** Information shown follows **
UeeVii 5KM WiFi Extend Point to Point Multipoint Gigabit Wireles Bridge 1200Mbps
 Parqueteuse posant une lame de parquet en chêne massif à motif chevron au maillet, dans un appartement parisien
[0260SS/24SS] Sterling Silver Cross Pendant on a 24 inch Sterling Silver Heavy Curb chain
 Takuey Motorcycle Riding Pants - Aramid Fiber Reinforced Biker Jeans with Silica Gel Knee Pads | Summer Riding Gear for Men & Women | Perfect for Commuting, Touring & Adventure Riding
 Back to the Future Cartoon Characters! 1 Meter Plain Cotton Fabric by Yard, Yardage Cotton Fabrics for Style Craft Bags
** End of Information shown **
**Problem to work on**
Set down the preceding data verbatim. Every line belongs in the copy.

**Written reply**
UeeVii 5KM WiFi Extend Point to Point Multipoint Gigabit Wireles Bridge 1200Mbps
 Parqueteuse posant une lame de parquet en chêne massif à motif chevron au maillet, dans un appartement parisien
[0260SS/24SS] Sterling Silver Cross Pendant on a 24 inch Sterling Silver Heavy Curb chain
 Takuey Motorcycle Riding Pants - Aramid Fiber Reinforced Biker Jeans with Silica Gel Knee Pads | Summer Riding Gear for Men & Women | Perfect for Commuting, Touring & Adventure Riding
 Back to the Future Cartoon Characters! 1 Meter Plain Cotton Fabric by Yard, Yardage Cotton Fabrics for Style Craft Bags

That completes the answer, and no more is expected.